Record extracts>
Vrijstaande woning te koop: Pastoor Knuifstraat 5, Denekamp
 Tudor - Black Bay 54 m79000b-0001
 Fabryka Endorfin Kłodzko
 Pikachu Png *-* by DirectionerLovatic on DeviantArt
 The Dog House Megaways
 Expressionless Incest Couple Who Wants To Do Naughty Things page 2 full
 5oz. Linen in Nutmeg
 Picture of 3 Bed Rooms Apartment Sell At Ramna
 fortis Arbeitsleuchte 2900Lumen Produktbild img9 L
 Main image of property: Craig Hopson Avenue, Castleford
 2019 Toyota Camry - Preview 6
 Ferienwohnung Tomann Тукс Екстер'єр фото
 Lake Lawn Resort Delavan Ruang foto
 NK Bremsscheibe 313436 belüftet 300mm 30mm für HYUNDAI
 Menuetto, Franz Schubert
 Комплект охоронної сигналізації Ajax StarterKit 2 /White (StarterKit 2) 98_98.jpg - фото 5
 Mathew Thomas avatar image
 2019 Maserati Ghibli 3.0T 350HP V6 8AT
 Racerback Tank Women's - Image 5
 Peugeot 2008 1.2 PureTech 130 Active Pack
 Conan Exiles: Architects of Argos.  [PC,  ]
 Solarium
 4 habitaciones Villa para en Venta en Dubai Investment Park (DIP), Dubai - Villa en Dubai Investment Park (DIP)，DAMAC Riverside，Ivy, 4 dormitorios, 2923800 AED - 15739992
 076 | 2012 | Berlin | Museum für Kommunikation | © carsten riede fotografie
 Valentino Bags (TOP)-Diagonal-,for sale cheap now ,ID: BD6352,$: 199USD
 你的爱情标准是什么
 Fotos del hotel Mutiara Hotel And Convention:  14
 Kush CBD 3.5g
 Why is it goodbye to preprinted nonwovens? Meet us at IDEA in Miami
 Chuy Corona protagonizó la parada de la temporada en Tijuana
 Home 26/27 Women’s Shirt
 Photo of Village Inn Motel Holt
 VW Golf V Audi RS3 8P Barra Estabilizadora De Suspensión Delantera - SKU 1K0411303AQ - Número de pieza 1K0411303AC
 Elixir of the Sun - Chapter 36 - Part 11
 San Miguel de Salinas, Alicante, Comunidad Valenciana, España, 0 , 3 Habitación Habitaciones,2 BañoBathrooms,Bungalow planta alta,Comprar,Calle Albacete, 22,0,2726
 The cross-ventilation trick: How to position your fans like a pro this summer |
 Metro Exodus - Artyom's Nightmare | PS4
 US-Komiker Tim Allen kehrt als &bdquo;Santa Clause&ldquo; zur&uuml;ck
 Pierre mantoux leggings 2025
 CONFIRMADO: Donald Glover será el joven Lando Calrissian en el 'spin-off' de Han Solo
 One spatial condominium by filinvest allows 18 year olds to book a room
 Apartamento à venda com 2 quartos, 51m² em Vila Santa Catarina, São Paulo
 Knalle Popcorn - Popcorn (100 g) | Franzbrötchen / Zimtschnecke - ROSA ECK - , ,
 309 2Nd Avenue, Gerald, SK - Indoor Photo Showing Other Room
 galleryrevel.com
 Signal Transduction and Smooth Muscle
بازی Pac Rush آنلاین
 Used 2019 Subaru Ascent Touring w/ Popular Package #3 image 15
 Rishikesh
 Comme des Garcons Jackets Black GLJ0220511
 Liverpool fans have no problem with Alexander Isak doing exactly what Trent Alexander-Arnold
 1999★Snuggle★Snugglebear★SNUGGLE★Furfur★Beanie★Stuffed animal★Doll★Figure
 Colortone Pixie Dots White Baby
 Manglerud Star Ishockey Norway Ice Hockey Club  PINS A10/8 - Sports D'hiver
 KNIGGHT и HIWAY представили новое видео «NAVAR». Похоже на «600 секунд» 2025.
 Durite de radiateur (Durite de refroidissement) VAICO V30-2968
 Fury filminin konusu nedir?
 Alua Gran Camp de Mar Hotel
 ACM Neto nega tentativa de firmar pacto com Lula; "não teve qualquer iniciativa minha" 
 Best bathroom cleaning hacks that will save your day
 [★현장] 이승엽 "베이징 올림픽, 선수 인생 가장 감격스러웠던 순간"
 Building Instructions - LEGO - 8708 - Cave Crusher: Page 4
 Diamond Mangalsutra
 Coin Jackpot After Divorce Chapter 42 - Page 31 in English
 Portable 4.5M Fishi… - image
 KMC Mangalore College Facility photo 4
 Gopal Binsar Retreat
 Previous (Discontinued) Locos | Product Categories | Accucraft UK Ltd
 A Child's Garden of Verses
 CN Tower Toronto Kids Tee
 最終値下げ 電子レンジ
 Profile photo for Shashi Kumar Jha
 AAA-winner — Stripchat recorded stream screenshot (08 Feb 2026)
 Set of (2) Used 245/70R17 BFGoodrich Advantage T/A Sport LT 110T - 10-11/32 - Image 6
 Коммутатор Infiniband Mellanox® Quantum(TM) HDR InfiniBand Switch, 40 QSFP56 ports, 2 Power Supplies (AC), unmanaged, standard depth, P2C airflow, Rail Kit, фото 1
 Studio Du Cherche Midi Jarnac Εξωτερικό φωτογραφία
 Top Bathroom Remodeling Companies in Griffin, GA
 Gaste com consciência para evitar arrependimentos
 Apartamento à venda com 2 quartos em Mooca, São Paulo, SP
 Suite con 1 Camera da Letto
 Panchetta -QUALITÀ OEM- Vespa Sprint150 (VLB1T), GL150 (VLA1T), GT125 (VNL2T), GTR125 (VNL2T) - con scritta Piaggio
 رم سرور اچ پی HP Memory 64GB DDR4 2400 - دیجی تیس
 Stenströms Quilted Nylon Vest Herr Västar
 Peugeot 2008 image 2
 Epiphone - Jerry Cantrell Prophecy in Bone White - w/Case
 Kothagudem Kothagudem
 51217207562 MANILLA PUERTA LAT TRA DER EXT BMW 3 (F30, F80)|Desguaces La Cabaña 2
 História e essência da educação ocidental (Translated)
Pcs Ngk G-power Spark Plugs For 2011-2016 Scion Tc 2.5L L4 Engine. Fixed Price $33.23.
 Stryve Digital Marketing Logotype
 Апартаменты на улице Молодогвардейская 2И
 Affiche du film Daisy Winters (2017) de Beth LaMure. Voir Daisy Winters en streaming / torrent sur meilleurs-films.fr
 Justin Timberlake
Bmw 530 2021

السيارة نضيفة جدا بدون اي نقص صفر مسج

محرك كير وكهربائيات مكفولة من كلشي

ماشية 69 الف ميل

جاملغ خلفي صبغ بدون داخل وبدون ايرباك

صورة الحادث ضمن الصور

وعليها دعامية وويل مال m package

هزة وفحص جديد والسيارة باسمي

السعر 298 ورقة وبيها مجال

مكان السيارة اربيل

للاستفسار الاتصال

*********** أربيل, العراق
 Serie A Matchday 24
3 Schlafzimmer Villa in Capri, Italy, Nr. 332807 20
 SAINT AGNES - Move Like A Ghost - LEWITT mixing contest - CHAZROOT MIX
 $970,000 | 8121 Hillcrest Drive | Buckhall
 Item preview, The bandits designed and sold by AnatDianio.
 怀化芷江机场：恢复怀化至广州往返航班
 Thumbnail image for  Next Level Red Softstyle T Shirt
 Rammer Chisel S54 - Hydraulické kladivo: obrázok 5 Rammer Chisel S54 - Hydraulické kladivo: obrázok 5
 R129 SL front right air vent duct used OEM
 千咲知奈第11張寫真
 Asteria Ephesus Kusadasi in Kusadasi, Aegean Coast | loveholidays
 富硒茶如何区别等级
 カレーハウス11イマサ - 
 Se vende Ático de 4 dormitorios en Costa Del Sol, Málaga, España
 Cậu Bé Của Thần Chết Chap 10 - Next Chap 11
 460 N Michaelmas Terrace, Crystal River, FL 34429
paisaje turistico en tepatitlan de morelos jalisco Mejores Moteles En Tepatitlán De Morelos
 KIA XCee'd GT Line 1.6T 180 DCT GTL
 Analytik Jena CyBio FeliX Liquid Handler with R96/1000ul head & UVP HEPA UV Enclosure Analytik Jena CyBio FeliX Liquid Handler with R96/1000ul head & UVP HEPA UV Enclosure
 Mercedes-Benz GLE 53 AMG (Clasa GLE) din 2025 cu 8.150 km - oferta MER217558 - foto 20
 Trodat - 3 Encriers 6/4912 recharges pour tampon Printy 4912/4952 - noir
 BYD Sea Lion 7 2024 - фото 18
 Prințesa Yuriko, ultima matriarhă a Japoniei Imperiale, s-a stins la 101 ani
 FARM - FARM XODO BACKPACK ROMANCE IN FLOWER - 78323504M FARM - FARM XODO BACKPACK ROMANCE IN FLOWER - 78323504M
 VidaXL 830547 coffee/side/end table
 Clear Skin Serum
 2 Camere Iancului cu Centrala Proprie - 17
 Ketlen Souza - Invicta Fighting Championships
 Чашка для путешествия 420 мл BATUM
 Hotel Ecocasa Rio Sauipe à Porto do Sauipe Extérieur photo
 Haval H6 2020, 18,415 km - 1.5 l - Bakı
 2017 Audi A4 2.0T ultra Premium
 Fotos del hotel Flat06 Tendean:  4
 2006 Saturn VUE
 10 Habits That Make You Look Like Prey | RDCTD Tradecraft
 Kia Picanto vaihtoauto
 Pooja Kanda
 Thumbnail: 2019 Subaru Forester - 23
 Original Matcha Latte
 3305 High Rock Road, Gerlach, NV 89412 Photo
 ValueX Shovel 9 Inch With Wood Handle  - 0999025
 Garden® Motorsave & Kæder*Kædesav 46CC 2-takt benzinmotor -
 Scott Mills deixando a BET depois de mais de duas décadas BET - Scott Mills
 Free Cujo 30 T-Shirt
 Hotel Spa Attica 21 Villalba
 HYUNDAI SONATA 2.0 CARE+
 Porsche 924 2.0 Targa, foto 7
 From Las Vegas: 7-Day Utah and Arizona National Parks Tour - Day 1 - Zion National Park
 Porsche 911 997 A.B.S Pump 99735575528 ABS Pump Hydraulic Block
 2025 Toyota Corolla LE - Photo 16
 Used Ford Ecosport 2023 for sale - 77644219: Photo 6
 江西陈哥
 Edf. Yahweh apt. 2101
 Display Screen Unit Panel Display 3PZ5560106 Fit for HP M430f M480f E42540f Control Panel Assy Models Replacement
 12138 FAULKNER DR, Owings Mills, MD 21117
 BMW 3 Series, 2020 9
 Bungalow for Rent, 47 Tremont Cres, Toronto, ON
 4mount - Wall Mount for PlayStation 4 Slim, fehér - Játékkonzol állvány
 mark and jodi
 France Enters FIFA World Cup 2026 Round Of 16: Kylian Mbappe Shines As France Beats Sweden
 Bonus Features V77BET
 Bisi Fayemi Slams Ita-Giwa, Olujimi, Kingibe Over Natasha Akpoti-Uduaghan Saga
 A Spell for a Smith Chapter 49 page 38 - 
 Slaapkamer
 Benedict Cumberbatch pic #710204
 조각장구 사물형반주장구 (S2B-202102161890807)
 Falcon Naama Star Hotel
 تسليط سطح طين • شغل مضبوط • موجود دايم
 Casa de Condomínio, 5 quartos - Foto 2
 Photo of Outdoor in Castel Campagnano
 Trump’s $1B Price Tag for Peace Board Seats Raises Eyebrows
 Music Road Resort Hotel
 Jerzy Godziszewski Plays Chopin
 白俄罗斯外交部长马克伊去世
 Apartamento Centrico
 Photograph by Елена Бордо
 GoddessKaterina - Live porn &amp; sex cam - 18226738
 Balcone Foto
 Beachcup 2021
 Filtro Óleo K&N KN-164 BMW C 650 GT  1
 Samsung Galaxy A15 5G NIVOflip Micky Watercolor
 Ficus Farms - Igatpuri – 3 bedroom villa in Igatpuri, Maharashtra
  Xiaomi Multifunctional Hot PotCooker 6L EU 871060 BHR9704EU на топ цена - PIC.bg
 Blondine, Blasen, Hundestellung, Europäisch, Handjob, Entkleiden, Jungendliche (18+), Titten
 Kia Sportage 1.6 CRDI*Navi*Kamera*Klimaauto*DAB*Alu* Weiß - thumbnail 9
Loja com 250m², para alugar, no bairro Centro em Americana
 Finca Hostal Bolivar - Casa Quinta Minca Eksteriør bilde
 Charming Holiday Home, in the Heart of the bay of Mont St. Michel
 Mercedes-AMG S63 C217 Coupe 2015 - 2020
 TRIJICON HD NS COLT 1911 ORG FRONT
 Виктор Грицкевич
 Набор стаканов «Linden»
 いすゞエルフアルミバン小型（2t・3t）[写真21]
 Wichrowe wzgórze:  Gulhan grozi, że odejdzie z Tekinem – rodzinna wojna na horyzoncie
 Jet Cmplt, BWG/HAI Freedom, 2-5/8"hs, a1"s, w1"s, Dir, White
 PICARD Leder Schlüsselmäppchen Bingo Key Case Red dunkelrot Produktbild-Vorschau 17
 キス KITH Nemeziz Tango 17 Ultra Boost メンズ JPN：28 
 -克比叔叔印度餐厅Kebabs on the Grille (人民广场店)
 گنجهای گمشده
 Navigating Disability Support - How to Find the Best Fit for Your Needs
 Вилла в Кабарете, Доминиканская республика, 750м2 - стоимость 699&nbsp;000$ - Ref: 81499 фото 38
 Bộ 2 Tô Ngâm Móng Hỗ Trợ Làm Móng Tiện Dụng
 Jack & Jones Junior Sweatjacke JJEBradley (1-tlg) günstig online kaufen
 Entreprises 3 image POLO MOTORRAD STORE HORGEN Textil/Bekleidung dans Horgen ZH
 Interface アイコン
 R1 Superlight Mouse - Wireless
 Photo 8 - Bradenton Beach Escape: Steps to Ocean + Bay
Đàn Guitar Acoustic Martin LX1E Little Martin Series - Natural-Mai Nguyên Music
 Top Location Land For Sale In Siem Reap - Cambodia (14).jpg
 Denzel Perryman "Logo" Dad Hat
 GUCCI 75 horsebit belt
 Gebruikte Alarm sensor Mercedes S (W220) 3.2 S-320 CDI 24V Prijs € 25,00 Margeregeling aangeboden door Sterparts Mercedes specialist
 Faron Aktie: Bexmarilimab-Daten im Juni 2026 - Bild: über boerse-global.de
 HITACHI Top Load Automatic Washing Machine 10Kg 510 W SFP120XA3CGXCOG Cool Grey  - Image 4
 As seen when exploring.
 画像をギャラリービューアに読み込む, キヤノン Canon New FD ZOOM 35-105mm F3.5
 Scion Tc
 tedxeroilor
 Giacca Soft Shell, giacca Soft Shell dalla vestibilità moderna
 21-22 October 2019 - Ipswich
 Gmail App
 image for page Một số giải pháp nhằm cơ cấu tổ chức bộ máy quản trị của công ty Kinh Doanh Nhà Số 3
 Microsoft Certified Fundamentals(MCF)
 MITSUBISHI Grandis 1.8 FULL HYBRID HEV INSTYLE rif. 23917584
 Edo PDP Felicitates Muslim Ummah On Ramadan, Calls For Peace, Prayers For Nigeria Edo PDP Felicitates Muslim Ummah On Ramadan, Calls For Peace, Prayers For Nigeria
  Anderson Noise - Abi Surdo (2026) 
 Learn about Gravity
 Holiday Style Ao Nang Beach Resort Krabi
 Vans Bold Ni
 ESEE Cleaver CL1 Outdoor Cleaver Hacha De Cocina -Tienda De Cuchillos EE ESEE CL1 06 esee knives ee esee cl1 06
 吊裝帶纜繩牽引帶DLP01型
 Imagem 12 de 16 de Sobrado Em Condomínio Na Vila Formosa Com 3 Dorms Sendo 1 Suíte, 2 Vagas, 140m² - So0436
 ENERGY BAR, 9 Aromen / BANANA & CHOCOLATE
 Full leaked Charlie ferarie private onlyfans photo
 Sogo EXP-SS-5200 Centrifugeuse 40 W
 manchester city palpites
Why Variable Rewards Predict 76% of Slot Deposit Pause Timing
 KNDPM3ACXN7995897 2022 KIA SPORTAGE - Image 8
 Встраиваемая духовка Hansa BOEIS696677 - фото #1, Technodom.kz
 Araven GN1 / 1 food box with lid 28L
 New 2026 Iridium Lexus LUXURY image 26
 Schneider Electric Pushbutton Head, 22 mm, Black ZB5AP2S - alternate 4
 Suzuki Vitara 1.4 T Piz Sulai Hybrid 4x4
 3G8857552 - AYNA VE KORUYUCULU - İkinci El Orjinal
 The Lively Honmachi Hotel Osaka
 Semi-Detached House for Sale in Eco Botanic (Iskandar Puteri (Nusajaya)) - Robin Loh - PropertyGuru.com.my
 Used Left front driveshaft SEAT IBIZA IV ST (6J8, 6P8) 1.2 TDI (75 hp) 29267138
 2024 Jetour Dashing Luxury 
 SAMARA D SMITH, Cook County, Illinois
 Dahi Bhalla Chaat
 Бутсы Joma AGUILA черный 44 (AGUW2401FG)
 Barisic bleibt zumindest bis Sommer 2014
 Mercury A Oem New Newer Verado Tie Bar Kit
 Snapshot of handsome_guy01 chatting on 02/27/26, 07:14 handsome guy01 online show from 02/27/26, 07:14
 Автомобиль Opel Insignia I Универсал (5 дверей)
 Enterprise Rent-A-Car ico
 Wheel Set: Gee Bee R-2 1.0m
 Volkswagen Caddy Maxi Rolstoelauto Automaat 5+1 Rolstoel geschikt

Exercise goal>
Could you copy every line in the records that holds "Vila"?

Task response>
 Apartamento à venda com 2 quartos, 51m² em Vila Santa Catarina, São Paulo
 Imagem 12 de 16 de Sobrado Em Condomínio Na Vila Formosa Com 3 Dorms Sendo 1 Suíte, 2 Vagas, 140m² - So0436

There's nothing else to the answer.